Currently, this method results in a new column "ortholog_gene" which is the mouse gene name. I would like to have the Ensembl identifier for mouse (ENSMUSG...). Is that possible?

bschilder commented 2 years ago

I can try and infer your use case from the above code snippet, but I'm afraid the above is not a reproducible example (i.e. i can copy and paste the code into R and it will reproduce the problem). You can read about how to make a reprex here. For future bug reports I've added an Issues template to guide users. I've attached the template for you to use here as well. bugs_template.txt

bschilder commented 2 years ago

Here's an example of a reprex that i think approximates your use case:

human_genes  <- orthogene::all_genes(species = "human")
method <- "gprofiler2"

mapped.data <- orthogene::convert_orthologs(gene_df = human_genes$target[1:10], 
                                            standardise_genes = TRUE,
                                            gene_output = "columns", 
                                            input_species = "human",
                                            output_species = "mouse",
                                            non121_strategy = "kbs",
                                            method = method)
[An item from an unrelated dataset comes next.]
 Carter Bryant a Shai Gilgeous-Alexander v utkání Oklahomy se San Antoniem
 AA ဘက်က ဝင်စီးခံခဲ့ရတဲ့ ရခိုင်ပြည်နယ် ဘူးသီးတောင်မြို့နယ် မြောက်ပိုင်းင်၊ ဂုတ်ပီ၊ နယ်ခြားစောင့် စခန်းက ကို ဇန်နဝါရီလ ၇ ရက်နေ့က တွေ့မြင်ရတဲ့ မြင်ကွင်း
mouse_genes <- orthogene::map_genes(genes = mapped.data$ortholog_gene, 
                                    species = "mouse")

Screenshot 2022-05-24 at 12 51 21

Note standardise_genes = TRUE. This means that your input ensembl IDs will be translated to human gene symbols first. These can then be translated to mouse gene symbols. From the docs: Screenshot 2022-05-24 at 12 50 23

That said, I think a nice feature would be to do this all in one step, and return convert_orthologs as whatever gene format is requested (not just gene symbols). I'll look into adding this feature to the next release of orthogene.